→ TASK OBJECTIVE:
Copy the data verbatim and leave out every picture.

→ COLLECTED MATERIAL:
★ ★ ★ ★ ★ ★ ★
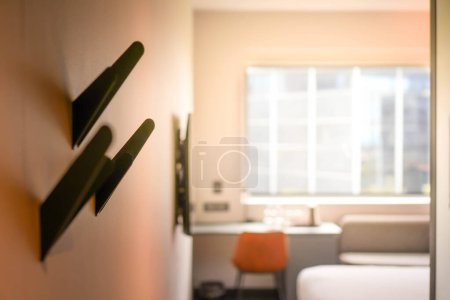 A blurred image capturing the interior of a hotel room featuring a bed and a desk with big window with copy space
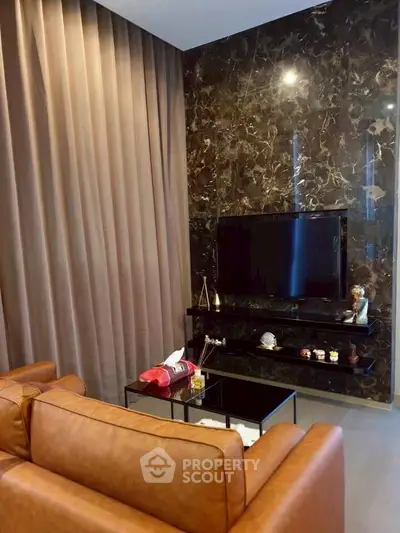 Luxurious living room with leather sofa and marble accent wall featuring a sleek TV setup.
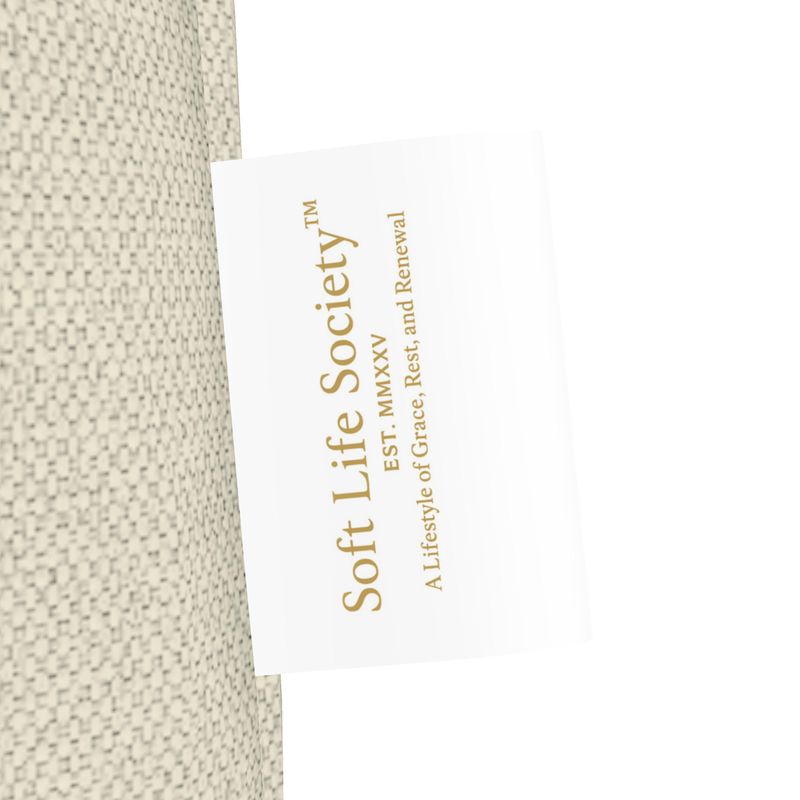 Side view of beige tote bag with 'Soft Life Society' label on a white background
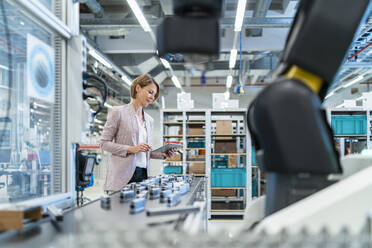 Businesswoman with tablet in a modern factory hall - DIGF07303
★ ★ ★ ★ ★ ★ ★
→ EXPECTED ANSWER:
 A blurred image capturing the interior of a hotel room featuring a bed and a desk with big window with copy space
 Luxurious living room with leather sofa and marble accent wall featuring a sleek TV setup.
 Side view of beige tote bag with 'Soft Life Society' label on a white background
 Businesswoman with tablet in a modern factory hall - DIGF07303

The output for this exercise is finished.